Client-server interface

Clients communicate with server over action/Speak.action.

# goal
string  sender_node   # sender node name 
string  text          # text to read
string  voice          # voice to speak with
uint8    priority     # priority of text
---
# result
uint8 success         # result of reading text (not used in current version) 
---
# feedback
string message        # feedback of operation (not used in current version)

Goal section is filled in user node which sends data.

  • text contains text to be spoken *);
  • voice voice to speak with. If not set, the default voice is used;
  • priority is a number [1,5]. For convenience these values are associated with constants in msg/Priority.msg. Prioritization rules are explaned in Messages priorities section. Default value: Priority.TEXT;
  • sender_node contains node names data came from. This value is filled manually. It shouldn't be empty if you use whitelist/blacklist.
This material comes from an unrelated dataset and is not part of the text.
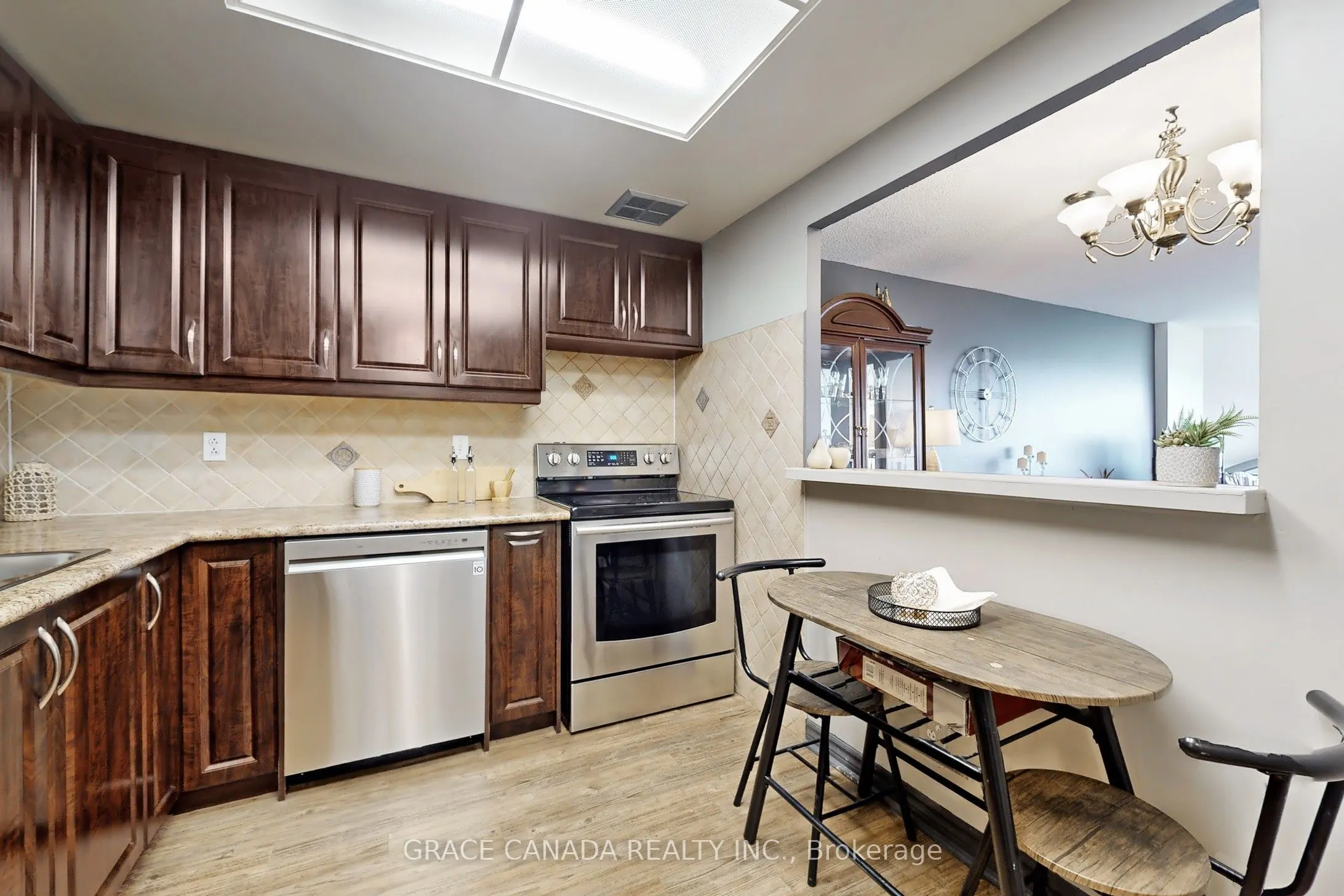 10 Dean Park Road, #903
By default it is empty.

*) - values are required

Messages priorities

In real systems there's a change messages on sound server come from many nodes.

common_schema

To organize queue of messages priorities might be used. In speech dispatcher, there're 5 types of priorities, which are repeated in msg/Priority.msg.

Priority Value
IMPORTANT 1
MESSAGE 2
TEXT 3
NOTIFICATION 4
PROGRESS 5

In Priorty.msg values MIN=0 and MAX=6 are added for convenience in defining values scope limits.

Read more about priorites in spd documentation / communication protocol (SSIP) description.

On image below there's an infographic of how different priorities work: spd_prioiries

First of all, there is a queue Q of texts and a current reading text (CRT). Queue consists of fields, all of which have priorities. There might be many texts of IMPORTANT and MESSAGE type (they form subqueues in Q), but there's only one text of each TEXT and PROGRESS type and none of NOTIFICATION.

Three operations with new messages in Q take place: cancelation, append and replace. New IMPORTANT and MESSAGE are appended at the end of subqueue, meanwhile other types replace stored values.

At any moment both Q and CRT might be:

  • filled/partially filled with text (colored boxes) - there're texts in Q that must be read / there's a text that is being read now;
  • empty (white boxes) - there's nothing to read and nothing is reading.

In following cases "text" means text value of income message.

  1. When new IMPORTANT comes:
  • everything except IMPORTANT that is reading is canceled;
  • if CRT is empty, text is send as CRT, otherwise it joins the IMPORTANT subqueue;
  • PROGRESS in Q is canceled.
  1. When new MESSAGE comes:
  • everything except IMPORTANT and MESSAGE that is reading is canceled;
  • if CRT is empty, text is send as CRT, otherwise it joins the MESSAGE subqueue;
  • TEXT and PROGRESS in Q are canceled.
  1. When new TEXT comes:
  • if PROGRESS, NOTIFICATION or TEXT is CRT, it is canceled;
  • if CRT is empty, text is send as CRT, otherwise it replaces TEXT value in Q;
  • PROGRESS in Q is canceled.
  1. When new NOTIFICATION comes:
  • if Q is not empty, text is canceled;
  • if there's another NOTIFICATION is CRT, it is canceled and a new NOTIFICATION is read.
  1. When new PROGRESS comes:
  • if NOTIFICATION is in CRT, it is canceled, text is read;
  • if Q is not empty or not NOTIFICATION is in CRT, text replaces value in Q;
  • if no more messages of this priority come, it is spoken with priority MESSAGE.

Tuning nodes to be spoken

Debug mode

For debuggin there's a special field debug in SpeakGoal message. When debug mode is off, all messages with True value of debug field are ignored. Texts with debug=True are proccessed only if launch parameter debug=True.

Filtering

To narrow list of nodes down, whose texts should be read, whitelist and blacklist are used. Whitelist has priority over blacklist. It means, if they are both defined, only whitelist is used. By default, both lists are empty and server processes all messages. Both lists are organized over ros services /sol/whitelist_control and /sol/blacklist_control of same speak_out_loud/SpeakFilter type.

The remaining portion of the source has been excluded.